Diacritic-sensitive search

Diacritic-sensitive searching is turned off by default in SharePoint, this means that diacritical marks are ignored at crawl time and search time. So a search for cafe will find documents containing either cafe and café.


For English documents diacritic-sensitive searching is not necessary, and even for languages such as French and Spanish it is generally better to not make searching diacritic-sensitive, in French for example it is common to omit diacritics in upper case text, which could mean that anyone searching for café would miss any reference to CAFE,  the same is also not uncommon in other languages where diacritic marks may be missing for various reasons, particularly if the text being searched has been written for example in an email or from a web form where the user may not have easy access to a full keyboard.

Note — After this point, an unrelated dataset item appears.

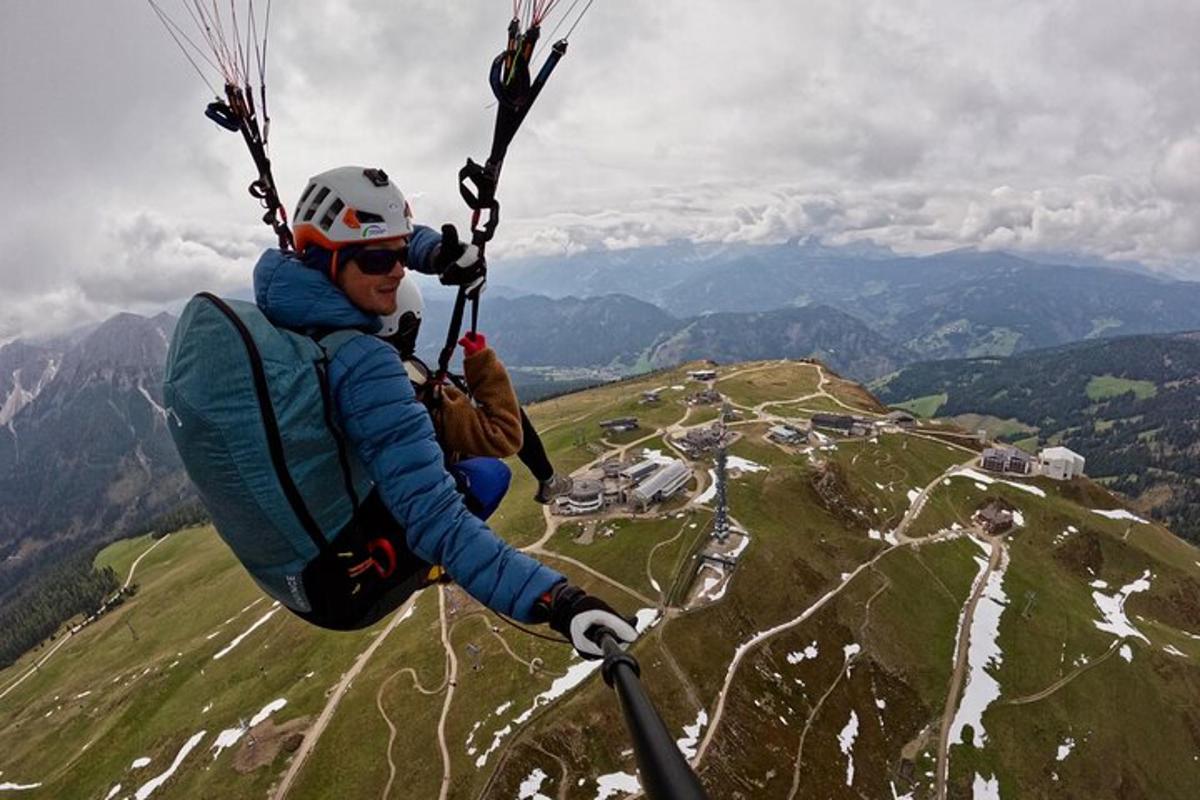 a man flying through the air with a parachute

To turn on diacritic-sensitive searching use the STSADM command line tool in the path:


Sharepoint 2007:

cd C:\Program Files\Common Files\Microsoft Shared\Web Server Extensions\12\BIN


Sharepoint 2010:
cd C:\Program Files\Common Files\Microsoft Shared\Web Server Extensions\14\BIN


Stsadm -o osearchdiacriticsensitive -ssp *GUID* -setstatus TRUE


As shown below:



If you need to find the GUID, see this page Search Application Name for an SSP


Kenza allows you to mark thesaurus files as diacritic sensitive in the New file and Merge dialogs.